→ Problem to work on: For each entry that follows, write out an identical copy.
Start of Data for this exercise
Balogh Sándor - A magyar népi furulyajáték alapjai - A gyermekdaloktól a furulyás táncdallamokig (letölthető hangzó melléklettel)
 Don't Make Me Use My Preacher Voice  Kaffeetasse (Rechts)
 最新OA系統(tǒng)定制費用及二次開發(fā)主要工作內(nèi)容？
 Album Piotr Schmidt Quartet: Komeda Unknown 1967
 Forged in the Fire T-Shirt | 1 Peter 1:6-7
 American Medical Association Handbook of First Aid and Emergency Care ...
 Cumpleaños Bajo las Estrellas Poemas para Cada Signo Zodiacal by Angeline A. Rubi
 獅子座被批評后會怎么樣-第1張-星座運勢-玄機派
End of Data for this exercise
→ Answer section:
Balogh Sándor - A magyar népi furulyajáték alapjai - A gyermekdaloktól a furulyás táncdallamokig (letölthető hangzó melléklettel)
 Don't Make Me Use My Preacher Voice  Kaffeetasse (Rechts)
 最新OA系統(tǒng)定制費用及二次開發(fā)主要工作內(nèi)容？
 Album Piotr Schmidt Quartet: Komeda Unknown 1967
 Forged in the Fire T-Shirt | 1 Peter 1:6-7
 American Medical Association Handbook of First Aid and Emergency Care ...
 Cumpleaños Bajo las Estrellas Poemas para Cada Signo Zodiacal by Angeline A. Rubi
 獅子座被批評后會怎么樣-第1張-星座運勢-玄機派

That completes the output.